Paul May

Baffling Black Boxes

16 July 2010

The Reith Lectures are an annual series of lectures given by a significant contemporary figure and broadcast by the BBC. This year's lectures, given by Professor Martin Rees, focused on the challenges faced by humans in the 21st century, and how science might help to overcome these challenges.

A photograph of Professor Martin Rees

The lectures are available as podcasts, and transcripts.

A portion of his final lecture, The Runaway World, really struck me:

The young, here and everywhere, have a natural interest in science - whether focused on space, dinosaurs or tadpoles. The challenge for educators around the world is to sustain this interest beyond the primary school stage. What’s crucial is hands-on involvement - showing not just telling. I want to suggest that the sophistication of modern science is, ironically, and impediment to engaging young people with it.

Newton, when young, made model windmills and clocks; the high-tech artefact of his time. Darwin collected fossils and beetles. Einstein was fascinated by the electric motors and dynamos in his father’s factory. 50 years ago, inquisitive children could take apart a radio set or a motorbike, figure out how it works, and put it together again.

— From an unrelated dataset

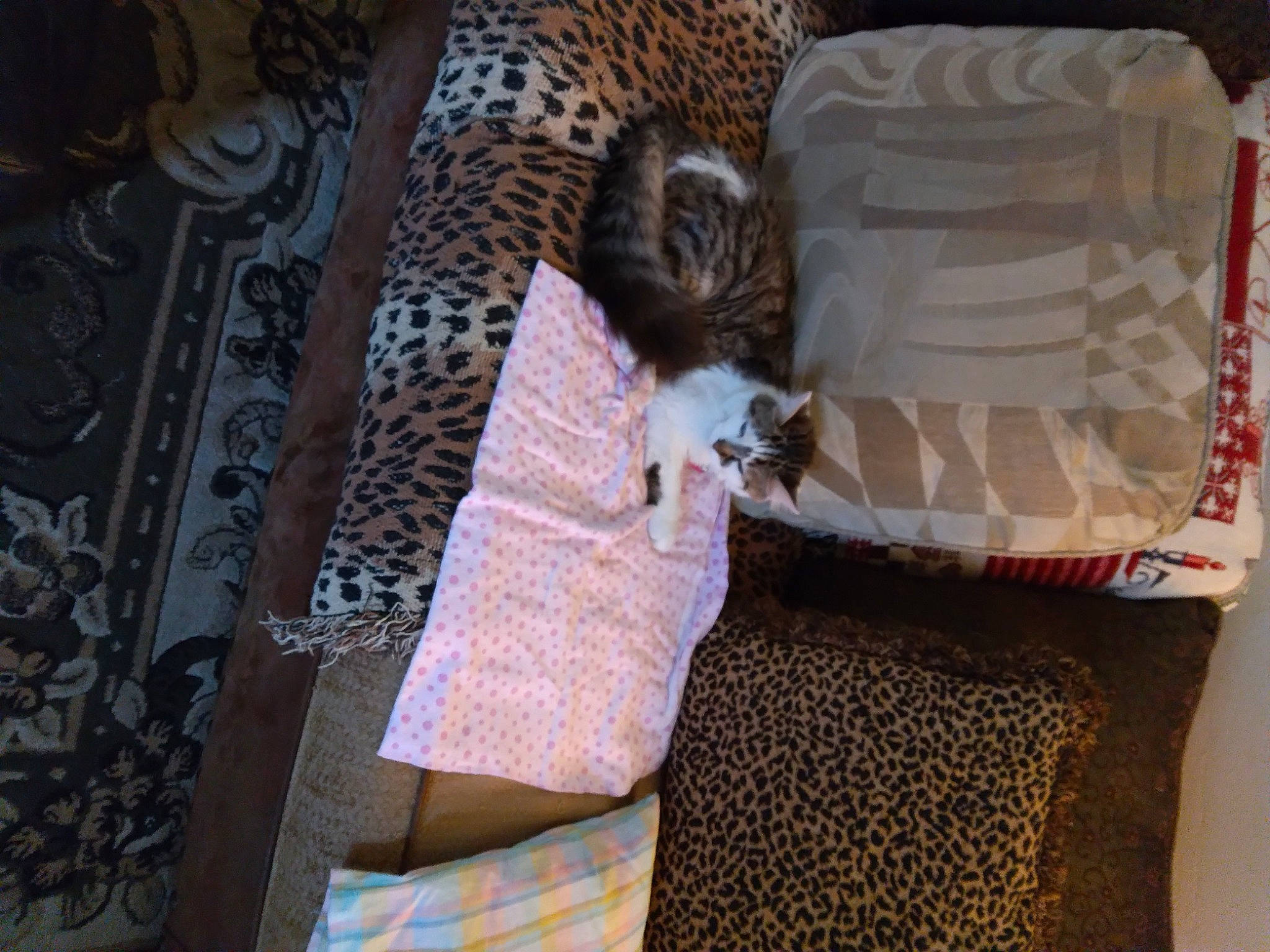 Tabitha joined the competition — help win amazing prizes! beak, big_cats, bird, carnivore, comfort, fawn, felidae, fur, galliformes, jaguar, leopard, linens, pattern, phasianidae, sleeve, small_to_medium_sized_cats, tail, terrestrial_animal, whiskers, wildlife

But it’s different today. The artefacts that now pervade you people’s lives; mobile phones and suchlike are baffling black boxes - pure magic to most people. Even if you take them apart you’ll find few clues to their arcane, miniaturised mechanisms, and you certainly can’t put them together again.

There’s now, for the first time, a huge gulf between the artefacts of our everyday life and what even a single expert, let alone the average child, can comprehend.

I think that I agree and disagree with what he’s saying here - so I wanted to unpack my own thoughts a bit.

50 years ago, it was certainly more straightforward for children to break down the things around them into building blocks, and to understand how those building blocks function and interact, but similar opportunities still exist - either by taking apart the same basic objects (which while outnumbered by more complex objects, still exist) or through creative play (through drawing, model-making, chemistry sets, musical instruments and toys like Lego).

Perhaps the number of different types of objects, and their varying complexity is a barrier by virtue of overwhelming choice [and where to begin] - but I don’t think this needs to be a problem. It’s now possible for children to apply their creativity and curiosity to the type of traditional exploration Rees describes (children still build kites and take things apart), but also to new forms of exploration - through robotics, software, digital art; virtual toys with huge scope for tinkering and fun.

There’s no doubt that more complex devices represent complex ideas, and the work of many people - and that this presents a barrier to a child getting to grips with how these seemingly unknowable devices work. I think that** the complexity of these devices asks us to rethink way we think about explorative play**; from a traditional view of a lone child grappling to understand everything about a simple device, to more collaborative play where a device is examined from a number of different perspectives by a number of different children. I think that what children can understand about complex devices probably far outweighs what is beyond them.

So, I don’t think that the complexity of the devices around us presents a fundamental problem that can’t be addressed. I think the real challenge is maintaining a sense of curiosity and possibility when so much of the world represents ideas we struggle to understand on our own as individuals. Frequently, marketing encourages us to be passive in the presence of complex devices; to be in awe and to consume rather than to think about how these devices work, how we might make them better and what effect they have on our lives - but I think children are well placed to apply a natural sense of curiosity to meeting these challenges.

I’m optimistic about the future; it just won’t look like the past.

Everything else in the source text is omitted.